(Image-caption web data)
..............................
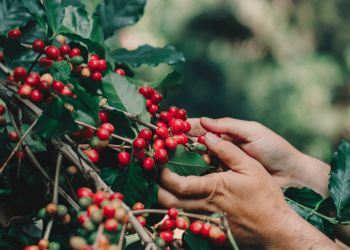 Banestes anuncia R$ 1 bilhão em recursos para produtores no novo Plano Safra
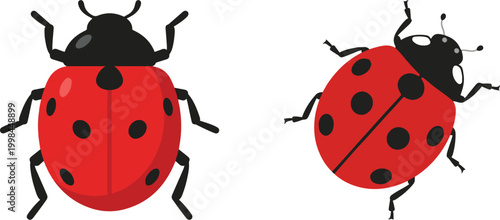 Simple vector illustration of ladybugs with red shells and black spots, shown in two different views for a clean insect design.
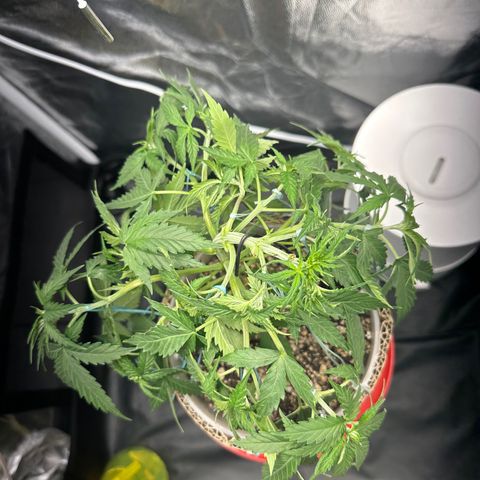 Cotton Candy  growlog photo: Hoje fez limpeza retirando algumas folhas, estresse apertando o talo e amarras em todos galhos regado com Agua hoje .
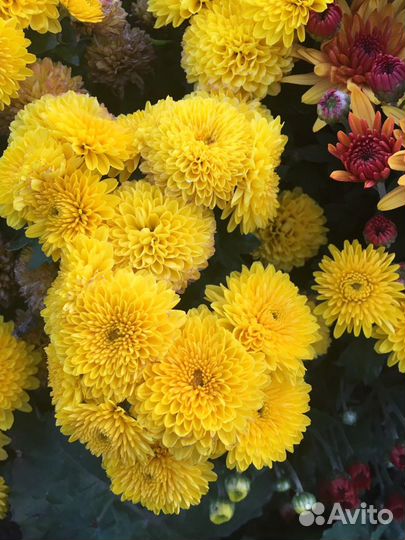 Хризантемы 5 сортов распродажa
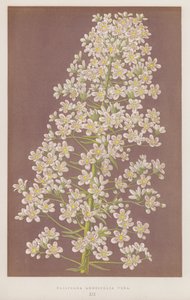 Saxifraga Longifolia Vera by English School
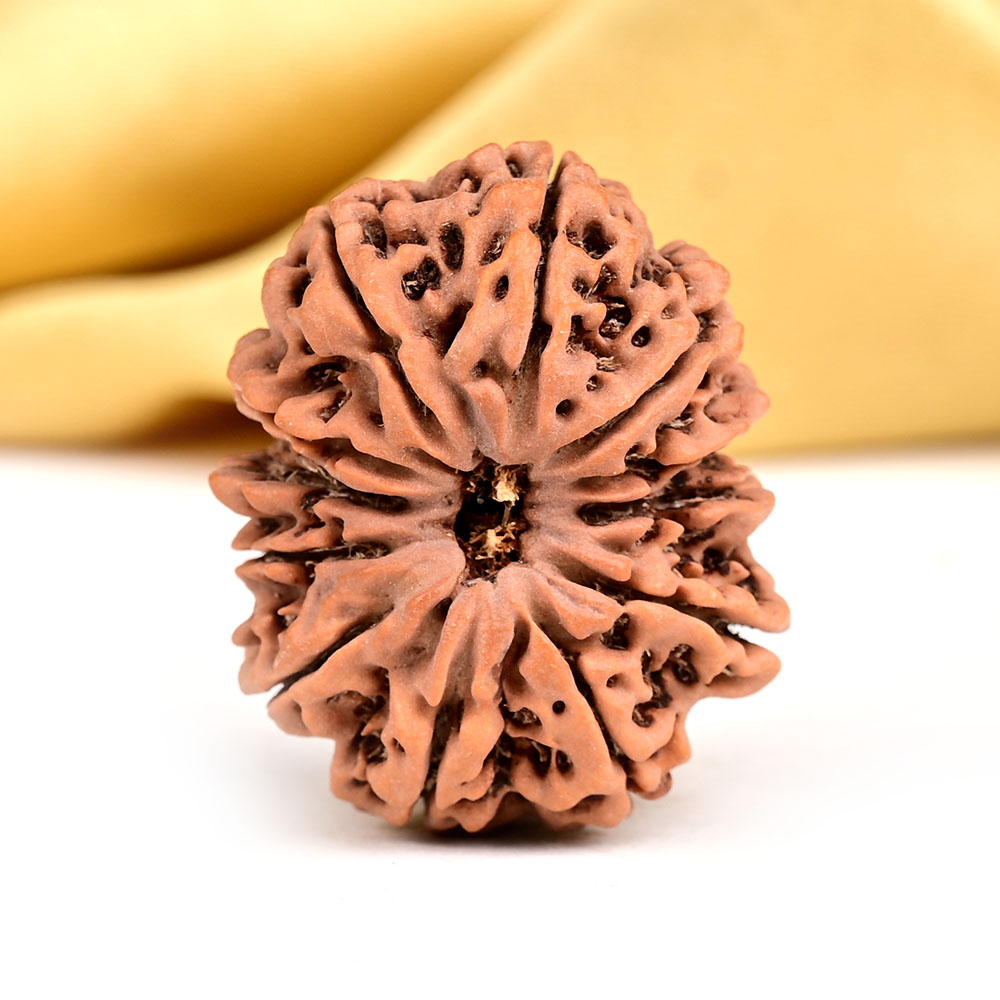 Collector 12 Mukhi from Nepal - CXCVIII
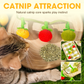 Interactief fruitvormig kattenkruid speeltje met touwtje
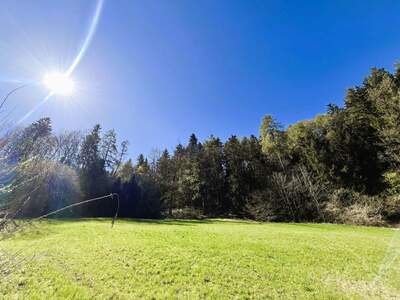 Grundstück kaufen in 6075 Tulfes (Bild 3)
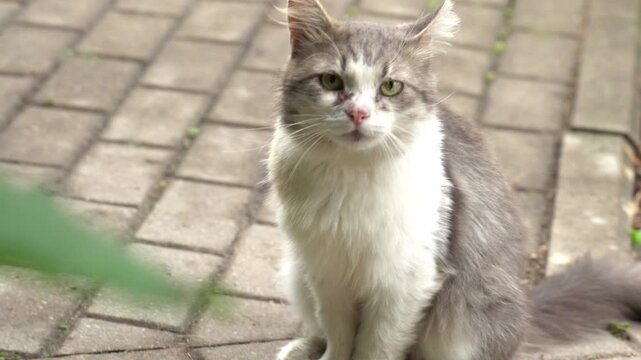 Fluffy gray and white cat sits calmly on a garden pathway surrounded by greenery. The cat's attentive gaze and relaxed posture capture a serene moment in a natural setting.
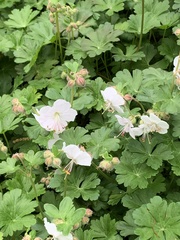 Geranium macrorrhizum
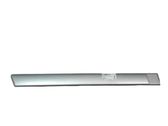 Rear door trim (molding)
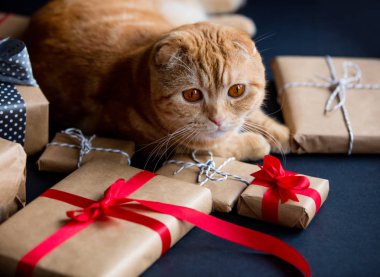 Zencefil kedi ve Noel hediyeleri 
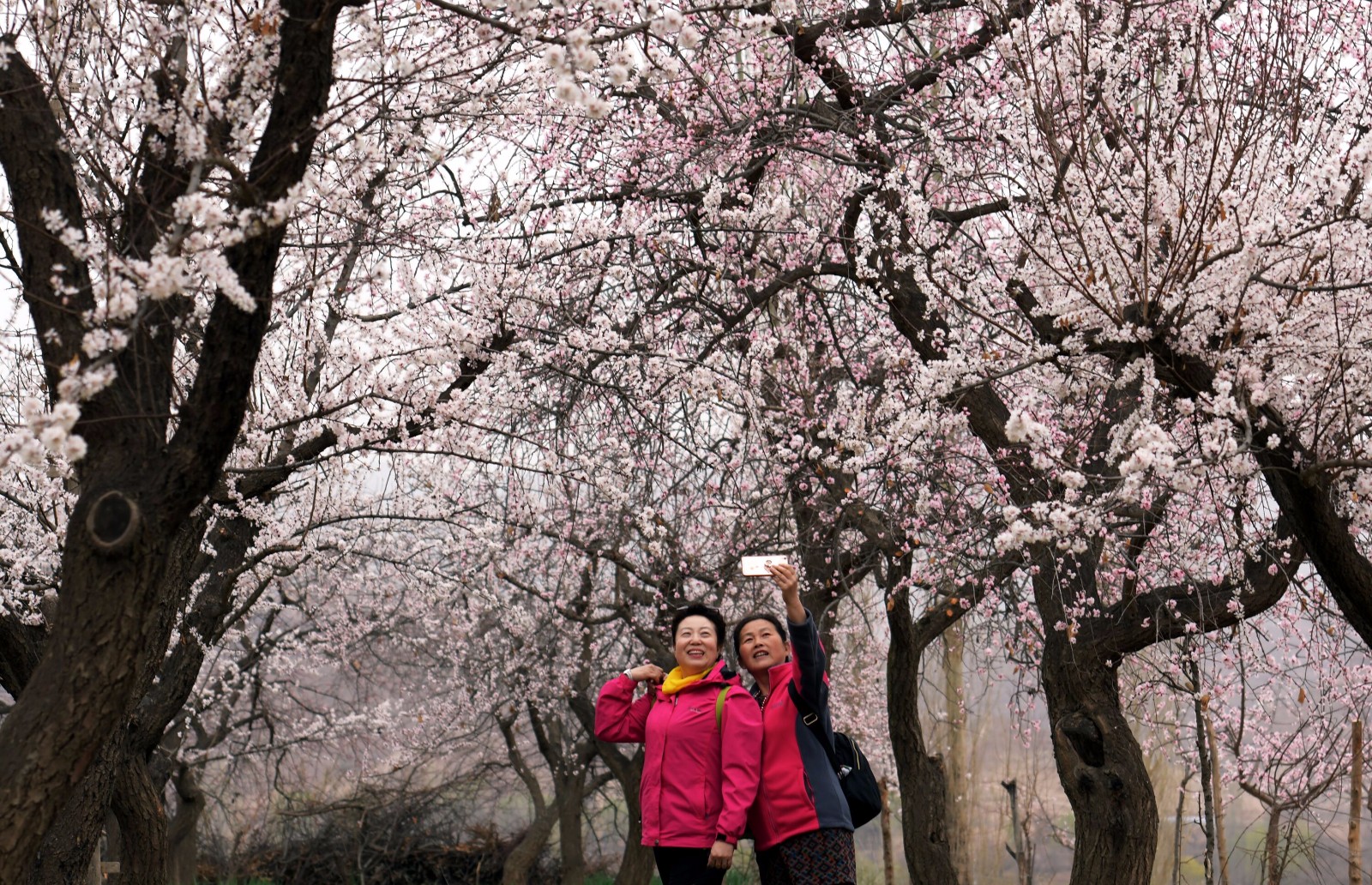 1524447970218025.jpg 1524447970218025.jpg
..............................
What is expected
Please set down the records above verbatim, with each picture left out.

Expected answer
 Banestes anuncia R$ 1 bilhão em recursos para produtores no novo Plano Safra
 Simple vector illustration of ladybugs with red shells and black spots, shown in two different views for a clean insect design.
 Cotton Candy  growlog photo: Hoje fez limpeza retirando algumas folhas, estresse apertando o talo e amarras em todos galhos regado com Agua hoje .
 Хризантемы 5 сортов распродажa
 Saxifraga Longifolia Vera by English School
 Collector 12 Mukhi from Nepal - CXCVIII
 Interactief fruitvormig kattenkruid speeltje met touwtje
 Grundstück kaufen in 6075 Tulfes (Bild 3)
 Fluffy gray and white cat sits calmly on a garden pathway surrounded by greenery. The cat's attentive gaze and relaxed posture capture a serene moment in a natural setting.
 Geranium macrorrhizum
 Rear door trim (molding)
 Zencefil kedi ve Noel hediyeleri 
 1524447970218025.jpg 1524447970218025.jpg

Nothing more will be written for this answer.